Credit: Erin Flegg
There is an old story, told by many people in many ways, about hungry travellers who come upon a village and ask for food. Turned away at every door, the travellers set about making stone soup.
At Rhizome on June 22, Naomi Steinberg, executive director of the Vancouver Society of Storytelling, lit a small candle and began to tell of two women travellers who came upon a hungry village. It didn’t take long for the packed-in crowd to see where this story was going.
Accompanied by low music, Steinberg led the audience through the making of the stone soup that would bring the community together, opening the floor for suggestions for ingredients. Into the soup went everything from cumin and tomatoes to food security and access to safe and affordable housing.

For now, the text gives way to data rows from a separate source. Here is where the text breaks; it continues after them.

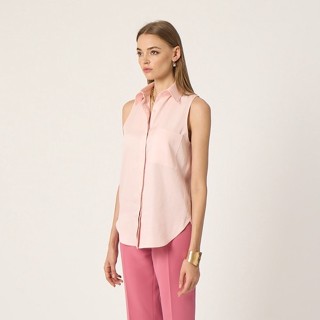 TIYA BARE SLEEVELESS SHIRT เสื้อเชิ้ตแขนกุดผ้า cotton tencel สี BLUSH PINK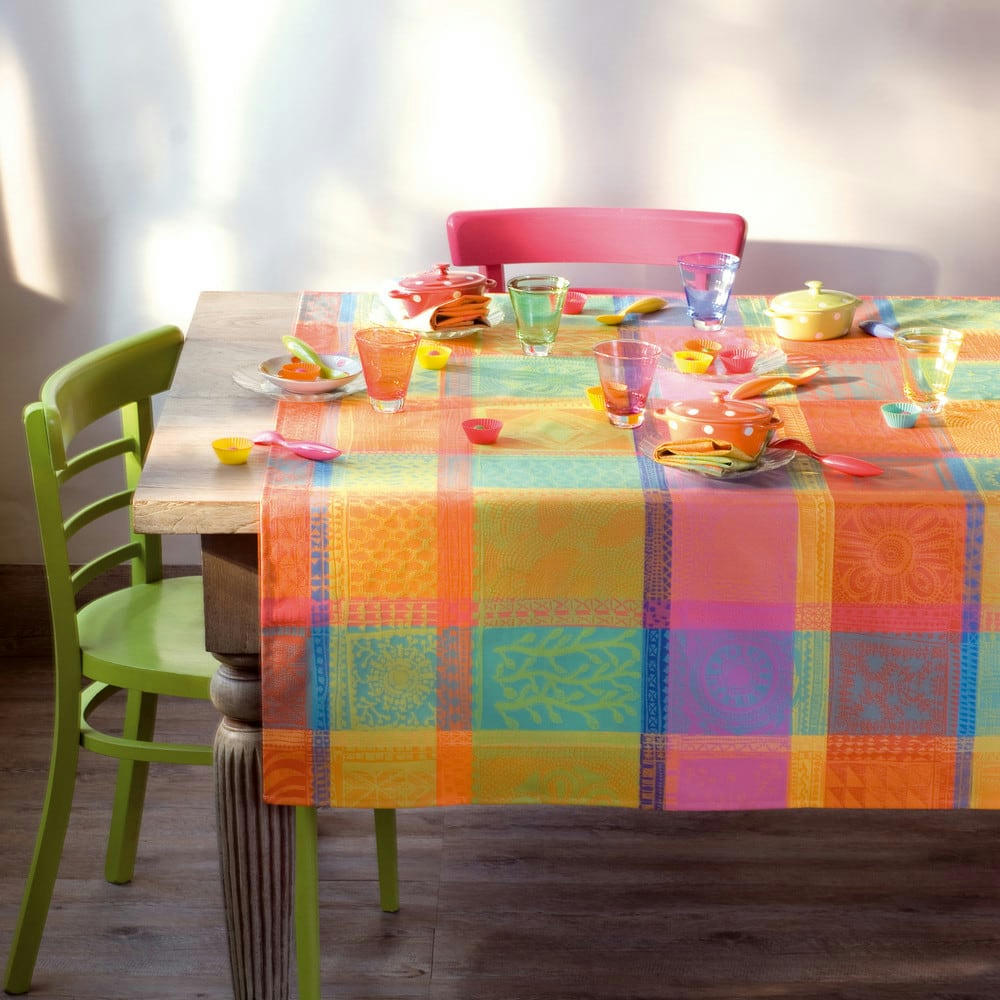 MILLE WAX CREOLE - Nappe  pur coton orange 180X300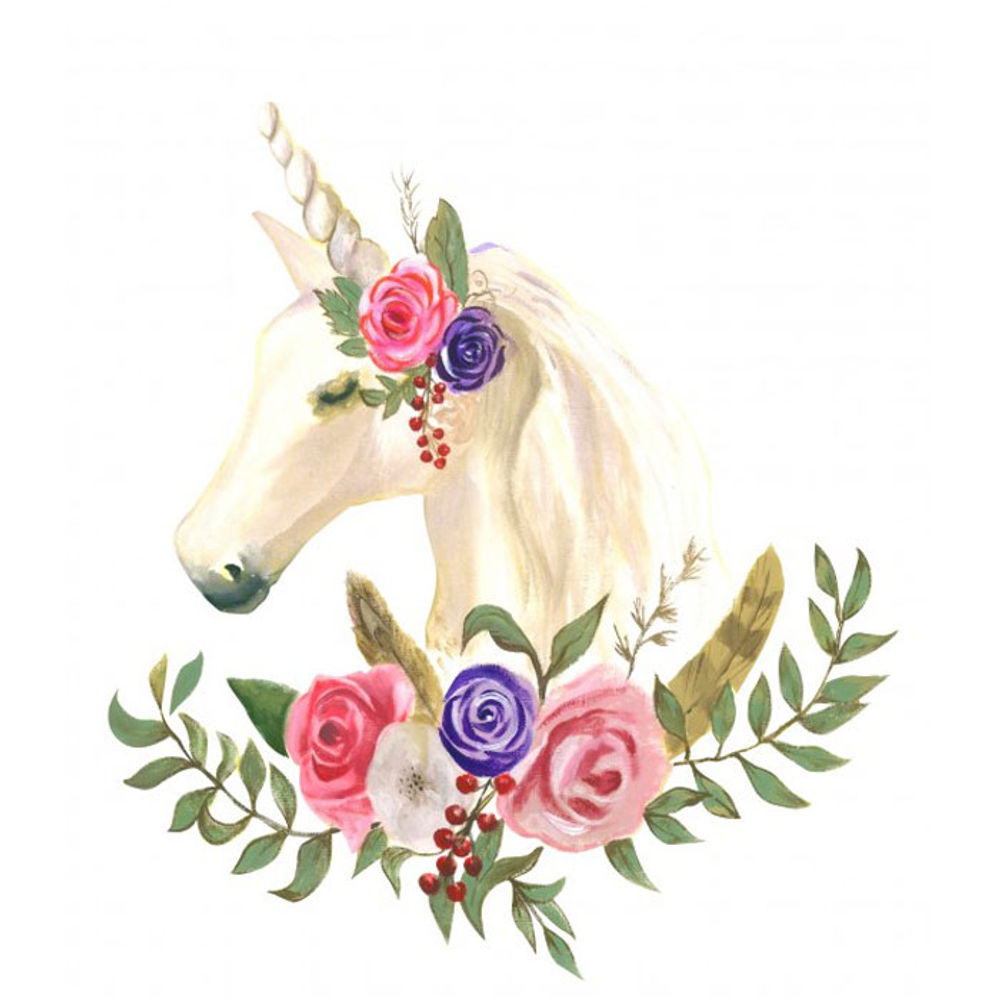 Rainbow Unicorn - Watercolor Fabric Transfer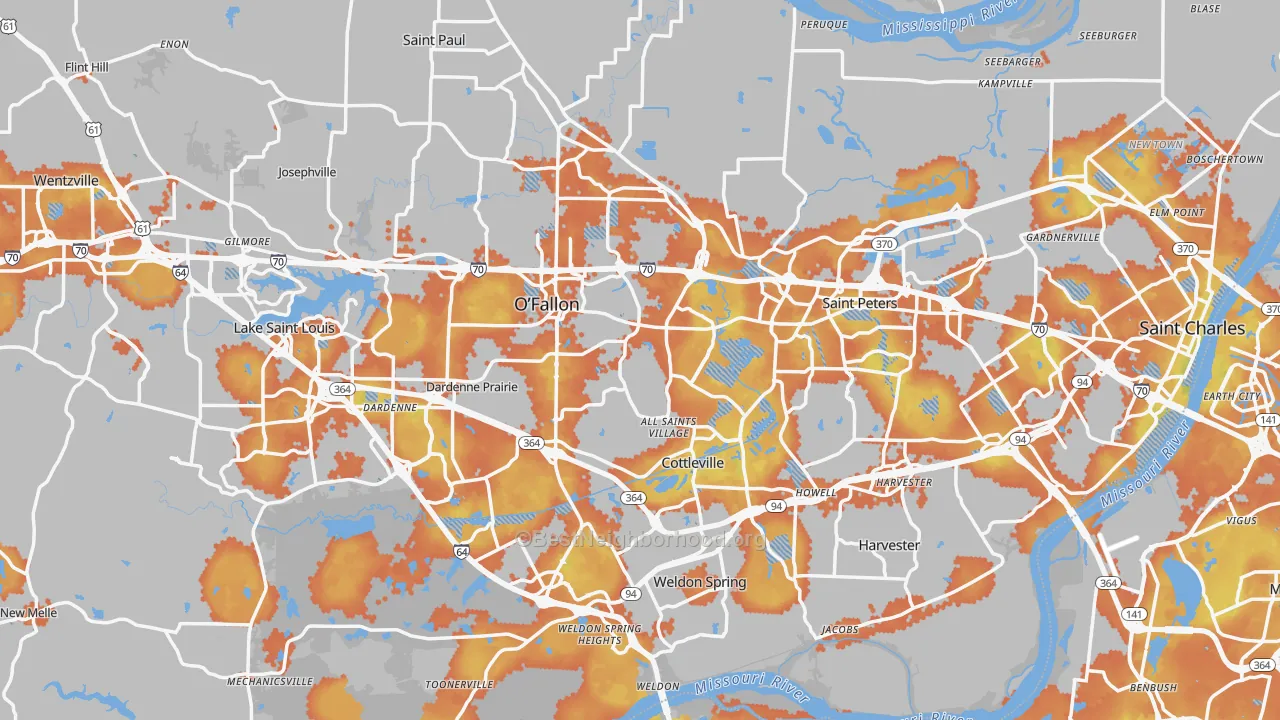Bike Grade map of St. Charles County, MO
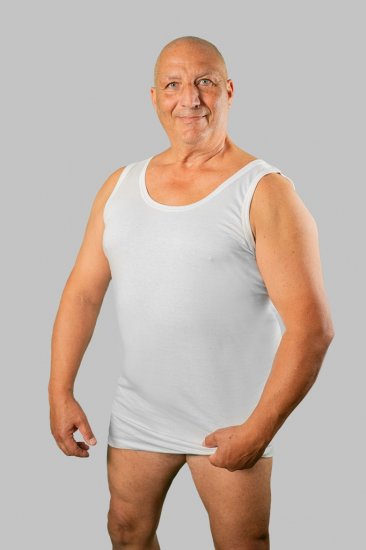 20 Nodi Crew Neck Tank Top in Combed Cotton Jersey White - Apakšveļa un peldšorti - Apakšveļa - 2XL-8XL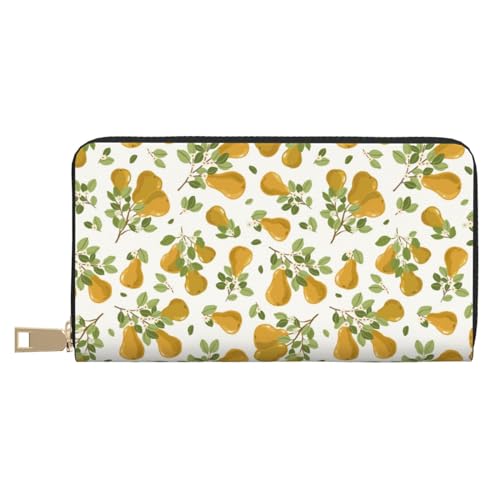Portefeuille fin en cuir Novastar avec fermeture éclair motif feuilles dorées pour homme et femme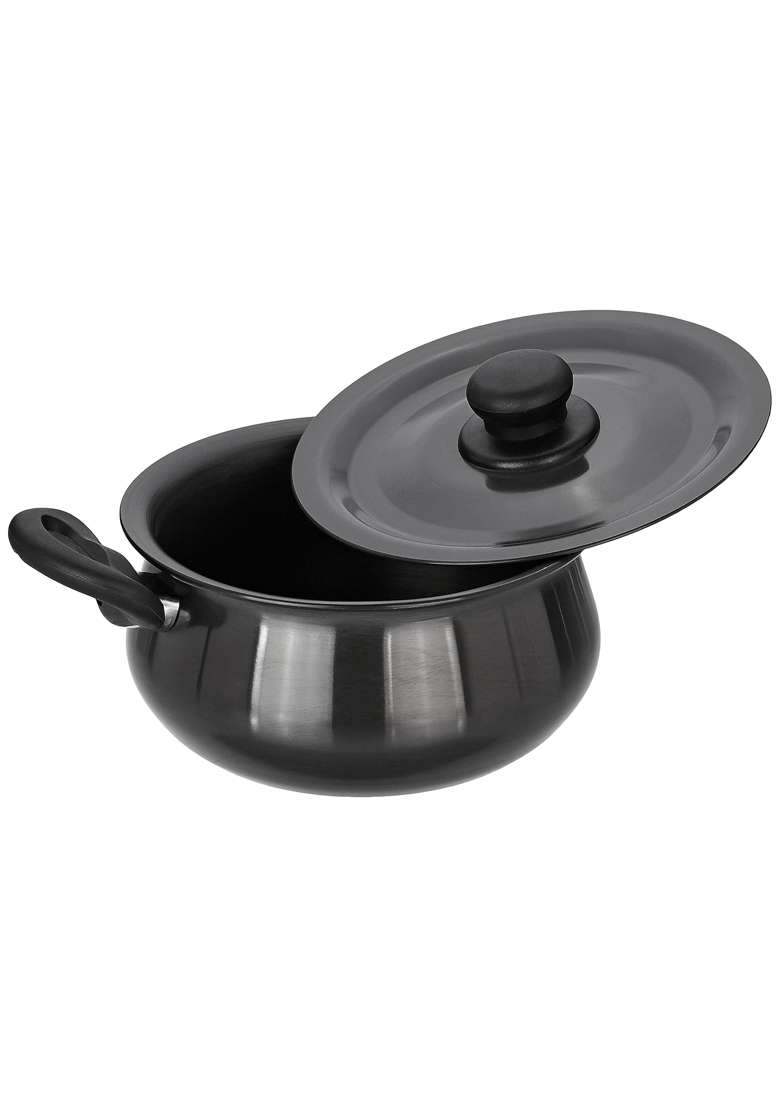 Solimo Amazon Brand Solimo Aluminium Hard Anodized Handi Cooking Pot with Lid | 2.5 L | 2.6 Qt | Induction Compatible - Indya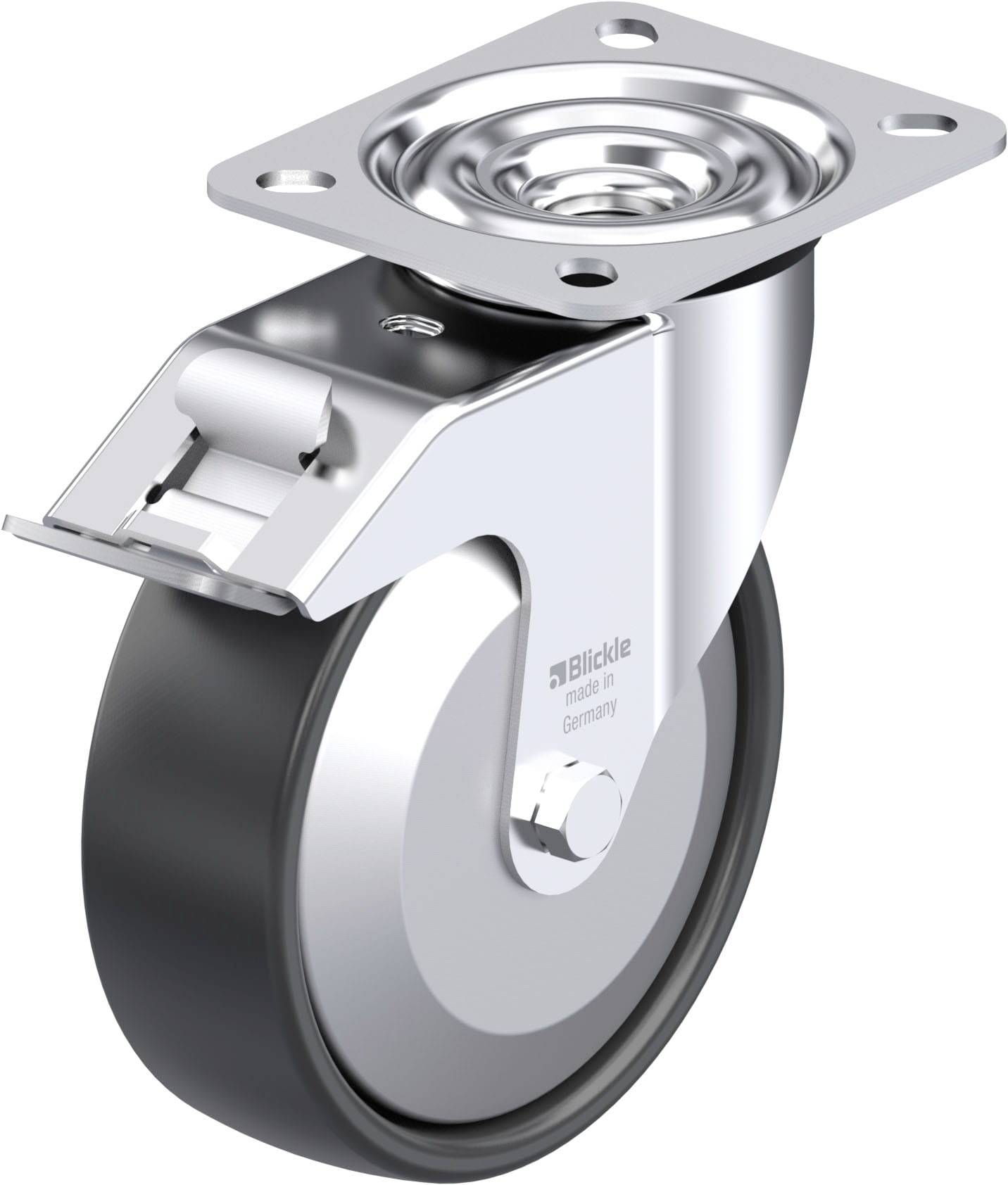 Blickle 749661 LE-PP 125R-FI-FA Stahlblech-Lenkrolle Rad-Durchmesser: 125mm Tragfähigkeit (max.): 150kg 1St.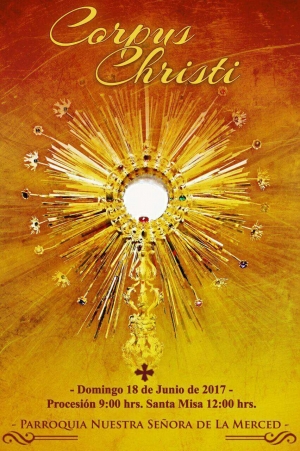 [Afiche] Procesión de Corpus Christi en el Templo de la Merced 18 de junio
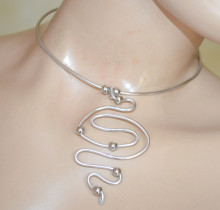 Collana donna argento ciondolo girocollo collarino sfere collier choker necklace ketting CX75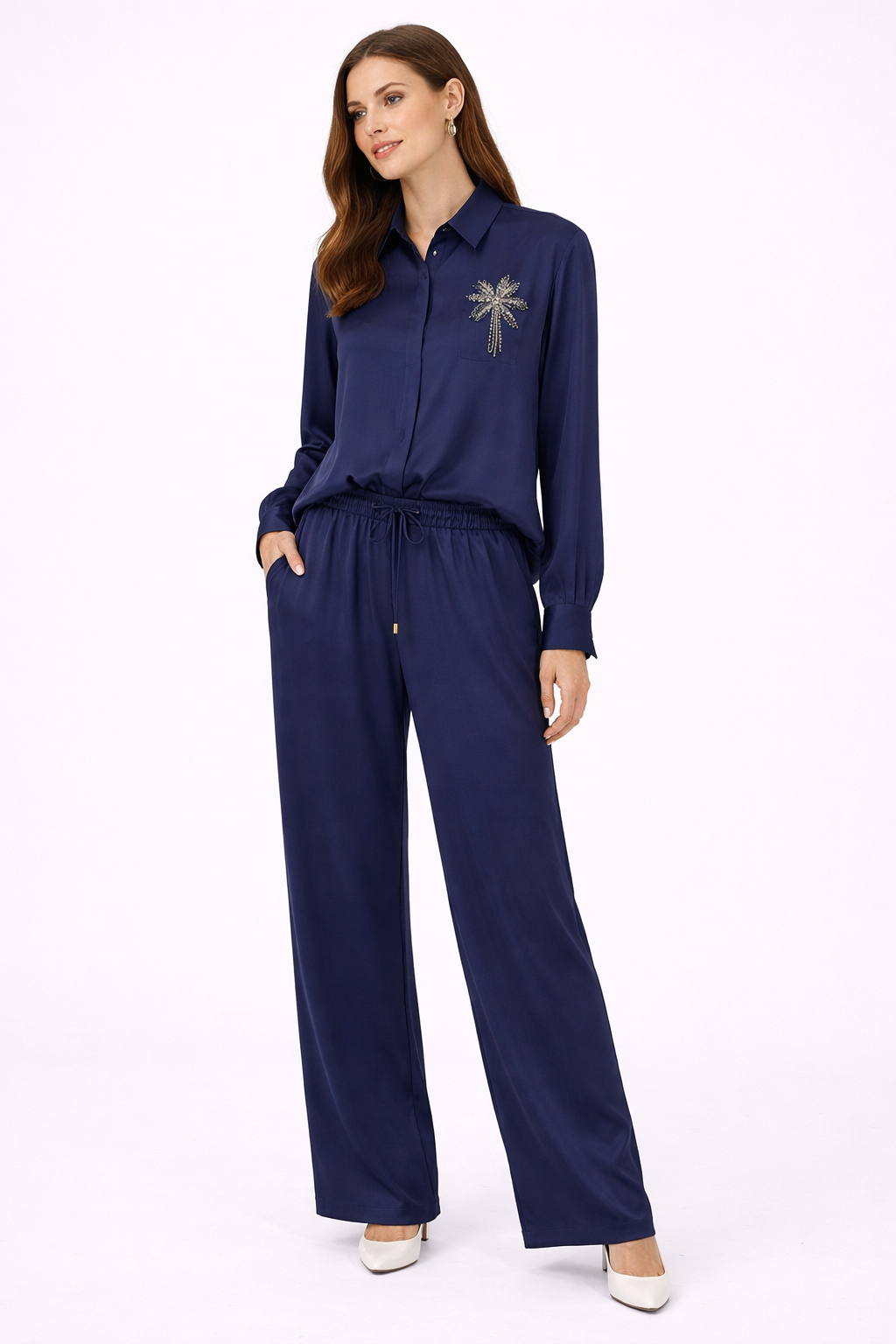 Navy Blue Satin Shirt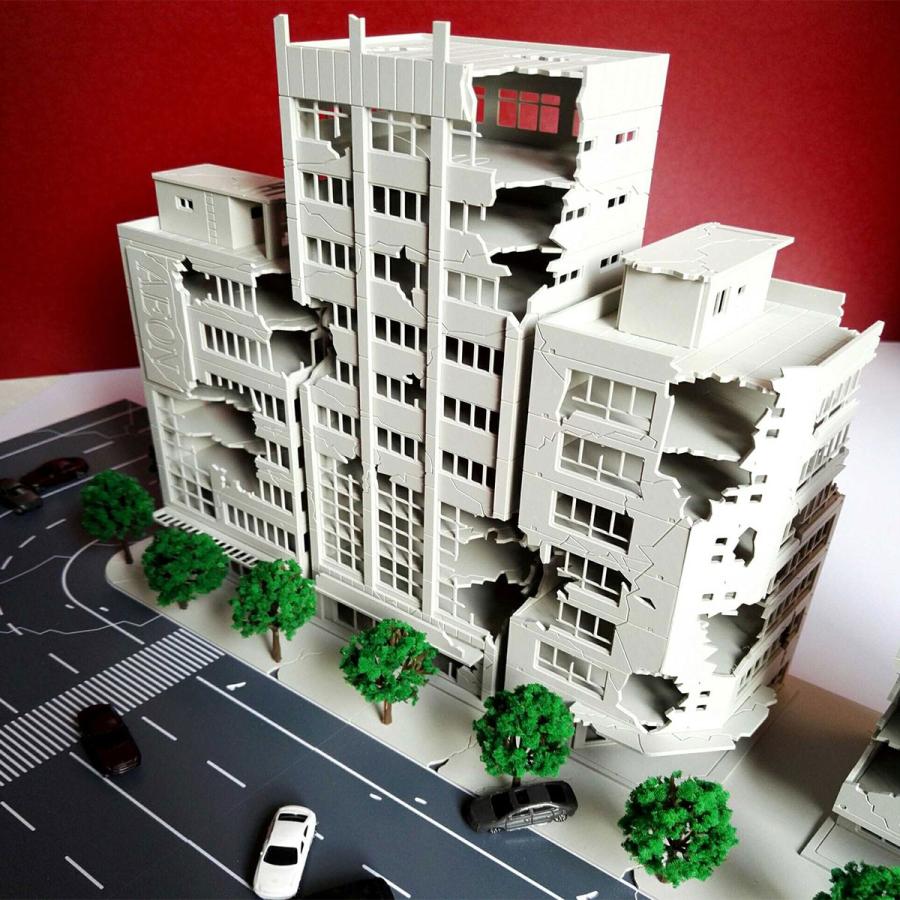 ジオラマ ストラクチャー 鉄道模型 建物 廃墟ビル 道路 樹木 ミニカー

When the soup was done and everyone in the village was fed, it was time for the women to go.
It’s through storytelling that Steinberg first came to Rhizome, and it was through this story that she offered her thanks at Rhizome’s farewell open house.
“What it has been for me is an extension of my living room, in the sense that I feel at home here, I feel safe here, I can be myself.”
She says the connections forged in this place will only grow as the community decides how to move forward in new ways and in new spaces. She says it would be impossible to move backward now.
“There are enough people looking out for each other that there’s integrity, there’s resilience.”
The event kicked off with performances by 2poc (short for 2 pansies of colour) and all-butch choir Leadfoot. Throughout the evening, the café served dinner by donation — black bean and squash stew with a side of cornbread — and in breaks between performances, attendees were invited to take pictures at the photo booth and make a page to go in the Rhizome community ’zine. DJ Salsomana closed out the day with a dance party.
The open house was a celebration and a goodbye, but not the official closing day. The café will still open through July and possibly into August as owners Lisa Moore and Vinetta Lenavat tie up loose ends and search for the right people to take over the lease. The official closing day depends primarily on the lease transfer.
Lenavat says the event was a true representation of what Rhizome is all about.
“Everybody here was here with such intention,” she says. “It was full the whole time, yet people were coming in and out. I felt like it was totally seamless, like everyone was connected.”
She says she and Moore were overwhelmed by the love and support the community brought to the event. “There was an incredible energy and vibrancy.”
They look forward to a solid lineup of events over the next month.
Susan Lee moved to Vancouver in 2007. An organizer with the Toronto- and Vancouver-based social-justice group Justicia, Lee says she and the rest of the Justicia group felt immediately at home at Rhizome.
“It felt like a place I could bring my whole self,” she says. She moved to the Mount Pleasant neighbourhood that has been Rhizome’s home for the last seven years so she would be closer to the café.
“It’s somewhere to go when things are hard, and it’s somewhere to go when I have my best news.”
Hip-hop artist Jerilynn Webster, aka JB the First Lady, came to Rhizome in 2008, having just given birth to her son, Sequoia, a month early and looking for a venue at which to launch her first album. She needed something affordable; Rhizome donated the space for her event.
“They raised me as an artist,” she says, adding that Rhizome has done the same for many others, nurturing artists of all kinds and providing a platform from which to speak out.
She says Rhizome will leave a legacy of strong connections.
“I hope it inspires another group of people to do this work, too.”